Former prime minister Nouri al-Maliki hinted
that Iraqi will witness a horrible civil war following the ongoing
parliamentary election, alleging that the civil war will erupt in case the
results were rigged.
In a recent TV interview, Maliki said: "Civil wars break out after elections, if the results don't satisfy the public."
When asked by the host whether he warns or threatens, Maliki said that he is just expressing his fears.
"I threaten myself and everyone else, manipulating elections' results may result in a civil war," Maliki told his host, demanding the authorities to give decisive guarantees of the elections' fairness and transparency.
Maliki's comments stirred wave of outrage
among politicians and the public, who considered the recent statement as
threats of provoking a civil war in case he failed the election under the
allegations of election forgery.
"Apparently Mr.

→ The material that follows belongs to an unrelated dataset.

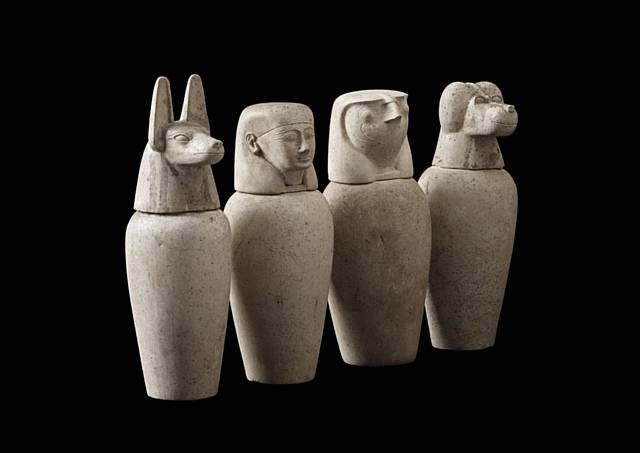 Touchstones Rochdale’s set of four canopic jars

Maliki wants to turn Iraqi streets into a bloodbath if he doesn't rule the country," an observer to Iraqi issue told The Baghdad Post.
Maliki, the current vice president, was accused of rigging the 2014 elections, by unlawfully getting the votes of west Baghdad.
Maliki has dropped a bomb into the political scene by unearthing an alliance between his coalition "State of Law" and current prime minister Haidar al-Abadi's coalition "Al Nasr," to dominate all the seats in the parliament after the election, the allegation that was dismissed by Abadi, however, Maliki stood by his statement, saying that there is a signed document between the two leaders of al-Daawa party.
Maliki's coalition is adopting the absolute majority scheme that is thought to be set to dominate the government with no partnership with any other political parties, and will crash the Sunni and Kurds rights in being partners in governance.